(Collected data entries)
——————
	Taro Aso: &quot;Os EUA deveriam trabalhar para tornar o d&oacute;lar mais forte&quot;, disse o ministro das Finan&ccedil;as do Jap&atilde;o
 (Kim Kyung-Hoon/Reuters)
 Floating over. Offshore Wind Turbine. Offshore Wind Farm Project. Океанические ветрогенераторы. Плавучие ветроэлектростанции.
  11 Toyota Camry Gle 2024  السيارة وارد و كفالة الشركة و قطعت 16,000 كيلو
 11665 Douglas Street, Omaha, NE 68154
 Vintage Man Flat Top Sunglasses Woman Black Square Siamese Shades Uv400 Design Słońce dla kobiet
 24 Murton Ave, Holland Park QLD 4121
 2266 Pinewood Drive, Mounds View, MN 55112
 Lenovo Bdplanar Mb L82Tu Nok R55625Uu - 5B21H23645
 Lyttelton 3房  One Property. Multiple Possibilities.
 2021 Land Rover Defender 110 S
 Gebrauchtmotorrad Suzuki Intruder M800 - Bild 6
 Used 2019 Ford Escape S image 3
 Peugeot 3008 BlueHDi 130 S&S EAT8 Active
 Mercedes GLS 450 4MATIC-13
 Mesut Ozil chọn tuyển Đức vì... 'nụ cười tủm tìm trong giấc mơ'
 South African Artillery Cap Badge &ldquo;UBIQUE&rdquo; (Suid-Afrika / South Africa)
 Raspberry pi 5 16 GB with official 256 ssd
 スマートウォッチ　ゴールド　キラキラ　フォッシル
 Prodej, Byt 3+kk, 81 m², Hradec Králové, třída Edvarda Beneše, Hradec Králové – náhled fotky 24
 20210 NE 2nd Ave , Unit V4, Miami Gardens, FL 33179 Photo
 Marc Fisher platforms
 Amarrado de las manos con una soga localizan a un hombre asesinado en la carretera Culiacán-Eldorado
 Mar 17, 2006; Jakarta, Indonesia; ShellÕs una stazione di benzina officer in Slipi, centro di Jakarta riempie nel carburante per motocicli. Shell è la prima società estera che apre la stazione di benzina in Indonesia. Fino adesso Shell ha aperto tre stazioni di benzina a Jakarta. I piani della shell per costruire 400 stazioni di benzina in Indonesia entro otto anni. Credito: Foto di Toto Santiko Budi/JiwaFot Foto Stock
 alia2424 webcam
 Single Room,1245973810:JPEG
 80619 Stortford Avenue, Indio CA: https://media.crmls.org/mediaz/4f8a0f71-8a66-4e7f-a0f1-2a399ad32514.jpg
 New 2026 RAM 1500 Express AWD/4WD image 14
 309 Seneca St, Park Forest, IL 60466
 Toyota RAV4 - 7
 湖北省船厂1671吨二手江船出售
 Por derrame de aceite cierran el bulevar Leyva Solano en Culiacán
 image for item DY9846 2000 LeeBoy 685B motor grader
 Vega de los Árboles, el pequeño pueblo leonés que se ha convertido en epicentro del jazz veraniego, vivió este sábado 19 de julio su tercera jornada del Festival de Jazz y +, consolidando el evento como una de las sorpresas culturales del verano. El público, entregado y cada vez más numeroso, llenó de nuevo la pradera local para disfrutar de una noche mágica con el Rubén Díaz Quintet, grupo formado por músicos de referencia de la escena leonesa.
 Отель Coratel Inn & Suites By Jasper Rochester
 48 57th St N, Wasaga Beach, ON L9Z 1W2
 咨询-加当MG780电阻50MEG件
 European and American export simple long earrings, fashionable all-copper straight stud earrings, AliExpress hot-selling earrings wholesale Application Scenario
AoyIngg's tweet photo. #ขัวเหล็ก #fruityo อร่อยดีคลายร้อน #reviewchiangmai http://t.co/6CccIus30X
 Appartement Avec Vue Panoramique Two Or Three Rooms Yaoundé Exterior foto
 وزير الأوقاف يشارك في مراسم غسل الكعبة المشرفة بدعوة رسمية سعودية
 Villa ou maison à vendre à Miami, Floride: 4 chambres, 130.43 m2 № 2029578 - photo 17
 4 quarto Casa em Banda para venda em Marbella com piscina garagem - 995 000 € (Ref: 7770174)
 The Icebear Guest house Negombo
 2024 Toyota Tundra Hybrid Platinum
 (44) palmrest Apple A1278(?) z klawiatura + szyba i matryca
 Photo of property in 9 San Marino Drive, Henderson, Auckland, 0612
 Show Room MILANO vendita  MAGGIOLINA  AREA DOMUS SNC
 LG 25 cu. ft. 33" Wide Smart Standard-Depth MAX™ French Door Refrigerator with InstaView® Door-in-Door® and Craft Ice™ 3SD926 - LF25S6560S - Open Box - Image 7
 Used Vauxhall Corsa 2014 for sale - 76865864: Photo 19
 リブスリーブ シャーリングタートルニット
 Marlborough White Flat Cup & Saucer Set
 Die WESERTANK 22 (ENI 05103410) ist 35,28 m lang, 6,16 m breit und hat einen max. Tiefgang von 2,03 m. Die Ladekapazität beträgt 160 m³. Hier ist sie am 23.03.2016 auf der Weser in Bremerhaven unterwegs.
——————
● **What to do**
Among the lines of the entries, count those containing the string "Flat" and give only the number.

● **Result of this exercise**
2